I enjoy designing and building cool stuff and that’s what led me to become a product manager. It was only natural that as my career progressed, I looked for new challenges. I’ve been involved in most aspects of Cakewalk during my 16-year career. I started as a product manager, but soon found myself managing marketing, product development, and engineering. This wealth of experience has prepared me to become President of Cakewalk, where I am responsible for building a successful company and designing the products of the future.
As President, what does your daily work routine look like?
In software development, things move quickly and situations change.

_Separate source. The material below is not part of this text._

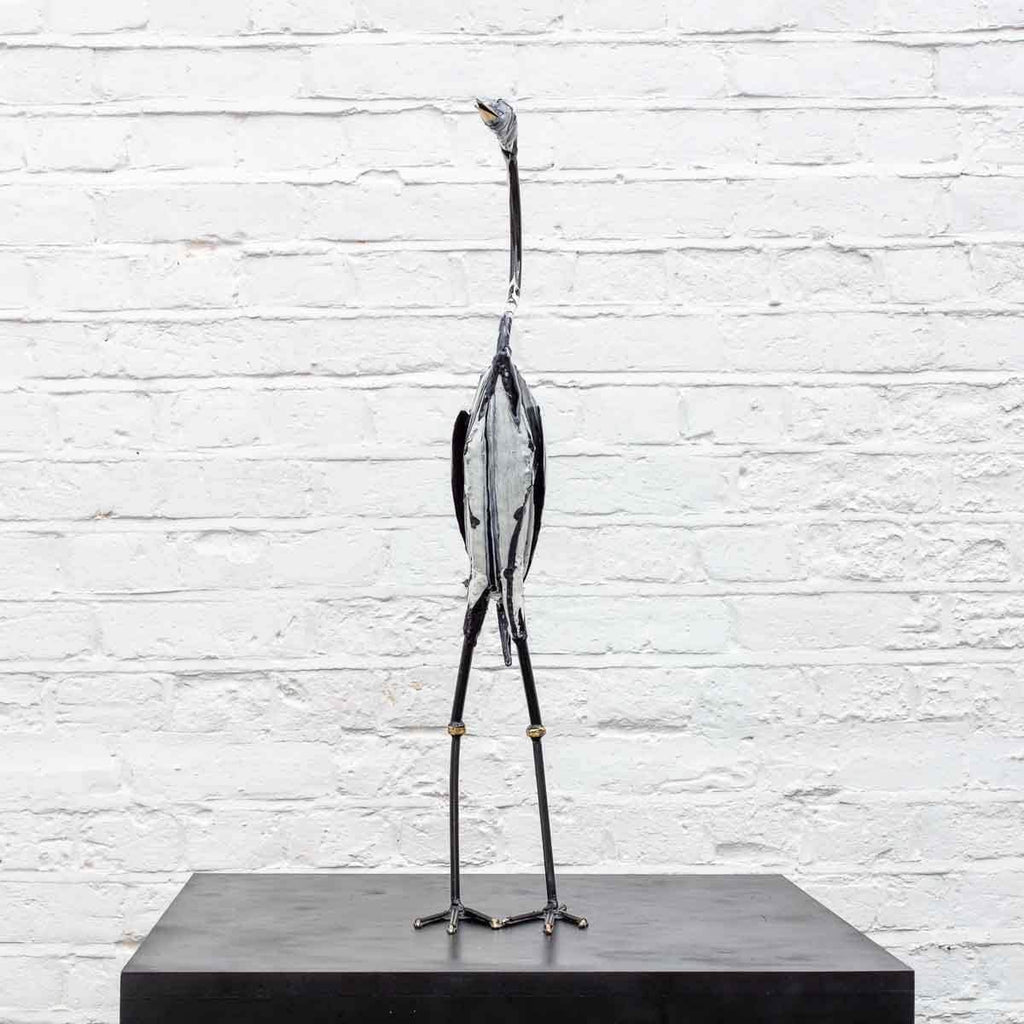 Finch - Original Sculpture - SOLD by artist Rozanne Bell - Wyecliffe Galleries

New ideas to develop and there are always new opportunities to explore. It’s never routine, and I love that. Ultimately, I try to keep the Cakewalk team focused and motivated while making sure we hit all our milestones and goals. Lately, I’ve been more focused on integrating with Gibson and discussing all the exciting opportunities that lie ahead with other Gibson brand companies like TASCAM, KRK, Stanton, and more. What I can say is that it’s never boring and there’s always something exciting around the corner.
What is your main priority and long-term vision for Cakewalk, particularly in an age where you have a lot of competing companies that make similar products? Do you have a masterplan of sorts?
Without giving away too many secrets, I can say that the long-term vision is to make products that matter to musicians. It’s great to be the leader in market share and make lots of money, but none of that is achievable if you don’t have great products. That includes the entire experience – from purchasing our products, to installing and using them, to getting support and learning resources. The biggest asset we have is customers. If they love our products, they will tell others, who will tell others, and so on. That’s how we built Cakewalk and that’s how we will continue to grow it.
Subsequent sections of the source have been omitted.